WARNING: THIS POST IS IN NOTES FORMAT, NOT READER-FRIENDLY
This will be the version 1 of notes that I’ve accumulated for writing a social science essay in university. The reason why I say it is version 1 is because I believe that I will learn more as I go along and some things here may be subjected to correction.
I am going to major in Political Science and from what I heard, the major involves mainly essay writings (as I’ve mentioned in the Grammar post). Thus, essay writing skills will be a major academic tool that I’ll be relying on; hence making it worth researching for.
The following are some quotes that I’ve selected from the book, How to Succeed in Your Social Science Degree:
“Some students fear that they will fail their assignments if they produce an essay which is merely a patchwork of other people’s opinions… The ability to assemble a patchwork of relevant materials is an important scholarly skill. You will get a reasonable grade for a properly referenced patchwork.” (Arksey, Harris, and Available, 2007)
” you do have to show that you have examined some of the background literature, and SUMMARIZED the main points made in that literature. You may wish to use direct or indirect quotations, with proper acknowledgement of the sources, to show that you have done this correctly and skillfully.” (Arksey, Harris, and Available, 2007)
There are a few things we can take away from these quotes:
Firstly, the backbone of an essay is mainly a patchwork. Basically it is what we researched and put together in a coherent format; with proper citations. Hence about half of essay writing involves research, and the other half will be the patchwork.
Secondly, the essential tool of patchwork is summarization.
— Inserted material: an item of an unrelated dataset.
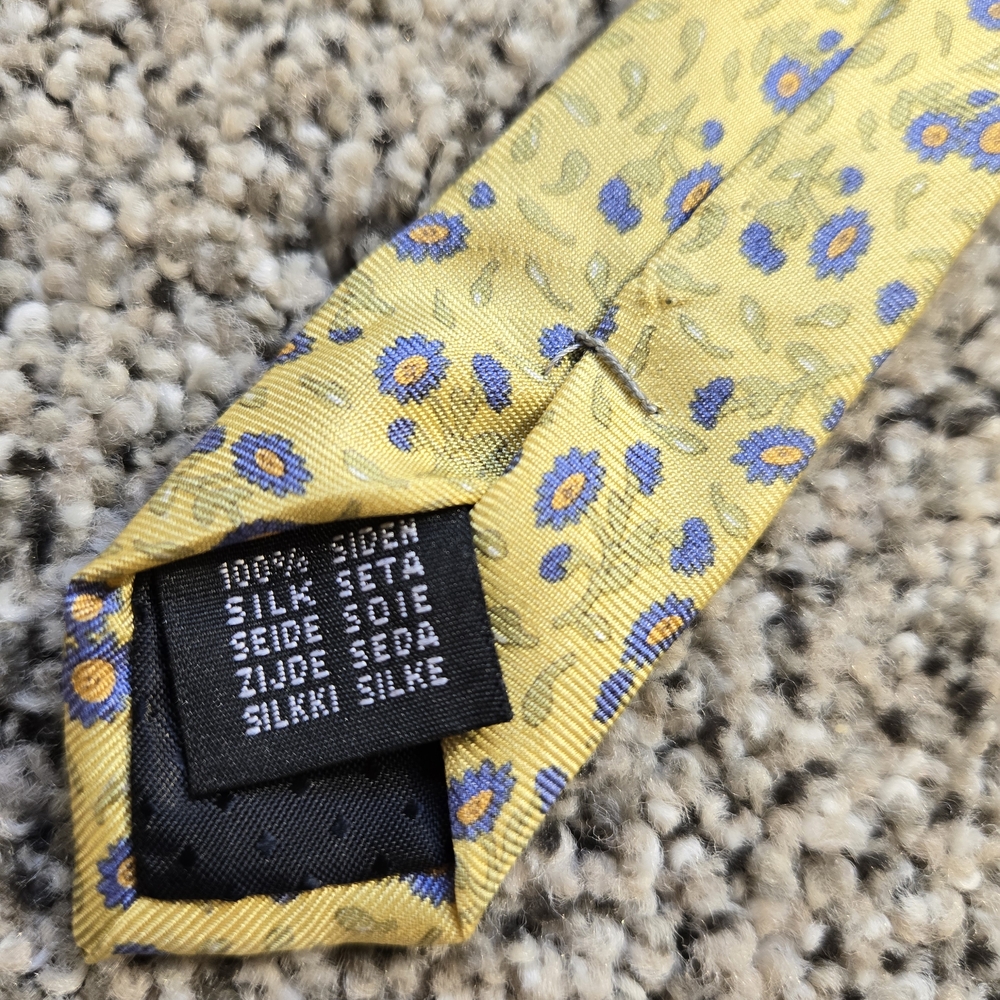 Vintage TANGO Yellow 100% SILK Tie w/ Blue Flowers Mens EUC - Picture 7 of 7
Without summarization, there will be too many irrelevant details that would confuse readers, causing us to lose marks.
Here’s another quote from the same book:
” It is not easy to arrange your summaries of different pieces of literature…you will gain credit if you can do so. You can then add addition COMMENTS to add value to this summary.” (Arksey, Harris, and Available, 2007)
The new thing here that we should take note is “comments”. I’ve read the part on comments extensively and it is similar to “evaluation” in history essays when I did my A Levels. The following quotes are what comments are and where you can get them:
“Where do you get comments from? Although you will be focusing on chosen topics for revision purposes, you may well get ideas for interesting comparisons from other topics discussed on your modules or courses. If you have been to most or many lectures and taken notes, you can often get ideas for comparative comments. You will have received lecturer’s comments on your written work, and they can clearly be borne in mind.” (Arksey, Harris, and Available, 2007)
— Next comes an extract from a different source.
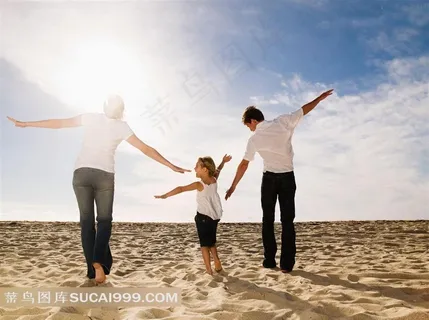 海滩上的一家人 海滩上的一家人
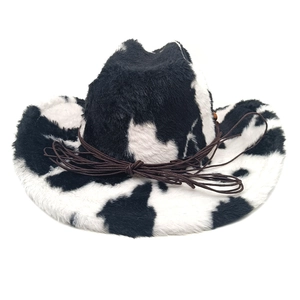 Détail d'un chapeau de cow-boy imprimé vache avec tissu en peluche et corde tressée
“You can get material for comments from discussing topics with other students, perhaps when you revive together, or from tutorials, including special revision tutorials. Of course, you will have to remember to note down these comments and include them in your mind maps. Many students never do so, even if they do take lots of notes in lectures.”(Arksey, Harris, and Available, 2007)
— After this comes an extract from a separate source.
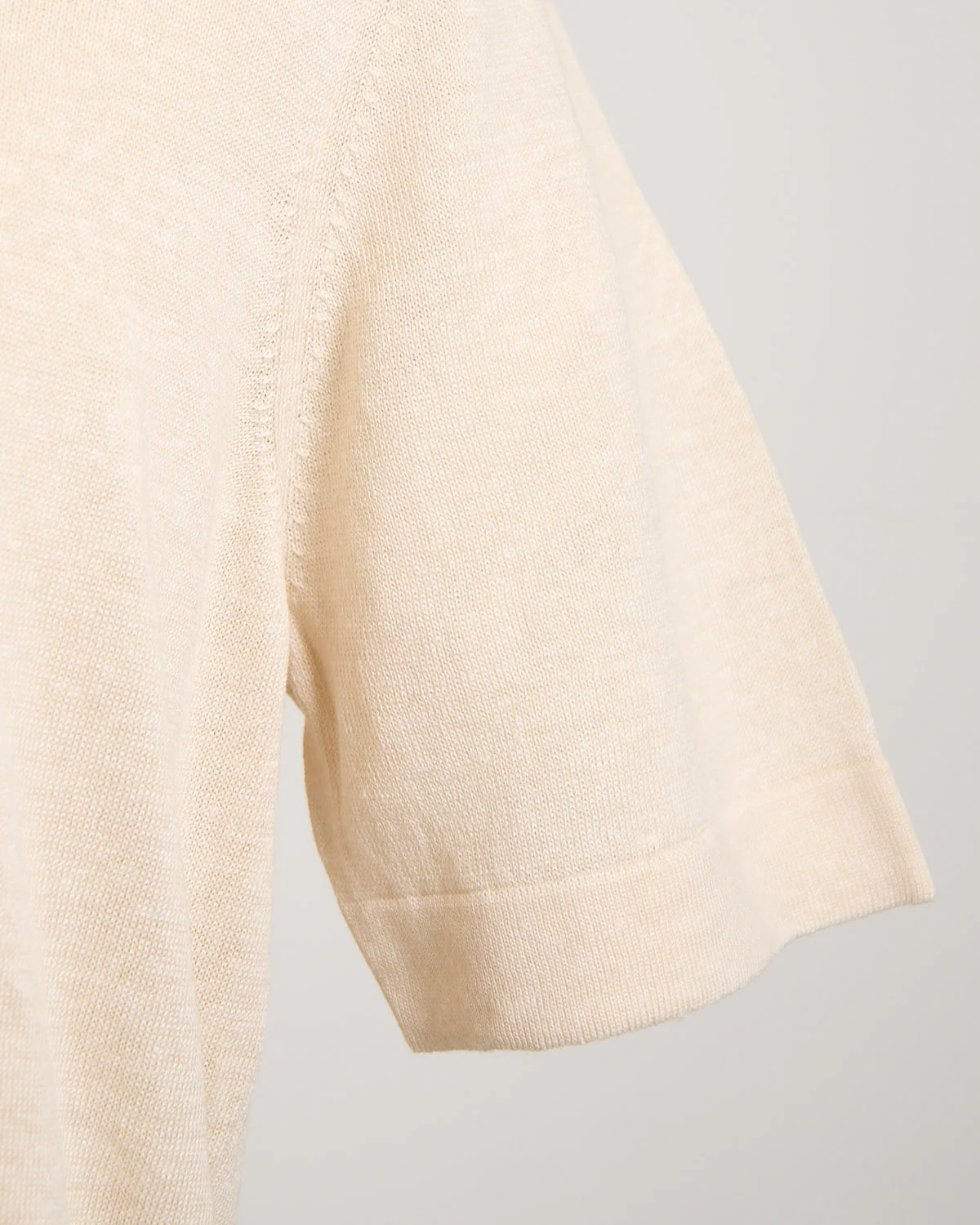 Linen & Cotton Fine Knit T-Shirt - Image 6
“You can get ideas for comment from other questions on the exam paper.” (Arksey, Harris, and Available, 2007)
“What is often not realized is that you can also revise and prepare comments as well. Remember that you will need to provide all sorts of alert and intelligent argument and comment on the summaries that you are providing if you want to do well.” (Arksey, Harris, and Available, 2007)
“You can obviously think of comment to make as you do your note-taking and revision, and you will want to record these comments so you can revise them as well. Of course, with any luck, the stress level of taking the exam will be exactly right, and will stimulate you to recall all kinds of additional links, comparisons, and critical comments of both the internal and external kind.” (Arksey, Harris, and Available, 2007)
Internal comments are:
1)comments in challenges to consistency
2) alternative approaches and comparisons
3)on the methods used
4)on additional cases which have not been discussed,including recent developments,
*comments on the arguments involved shows what they both emphasize and ignore.
The external kind is more of a cross-examination. Taken from a separate topic, be it from the same subject or not, impose the perspective/ new knowledge, conduct comparison and how the current argument is shifted due to this new imposition. For instance, from an economic perspective, the political agenda of the government can be shifted to focus more on freezing the Gini Coefficient. There is also a sociological perspective to this as income inequality greatly affects societal dissension. Hence, the government may not wish to focus solely on the discussed political agenda. This is an example of weakening a point, thus a side of the argument in an essay is also weakened by imposing external perspective.
Basically, comments are additional insights that can alter/ enhance the flow of the argument, thus demonstrating that you have thought things through and is able to exercise critical thinking.
Here is a simple list of where you can get comments if you didn’t read the above chunks:
1) Think of it when doing note-taking and revisions (record them down)
2) other topics in modules or course
3) lecturer’s comments on written work
4) lecture clues
5) seminars/ presentations
6) discussion with other students
Overall, the most important thing to take away is to WRITE THEM DOWN!!
Arksey, H., Harris, D.E. and Available, N. (2007) How to succeed in your social science degree (Sage Study skills series). Los Angeles, Calif. [etc.]: Sage Publications.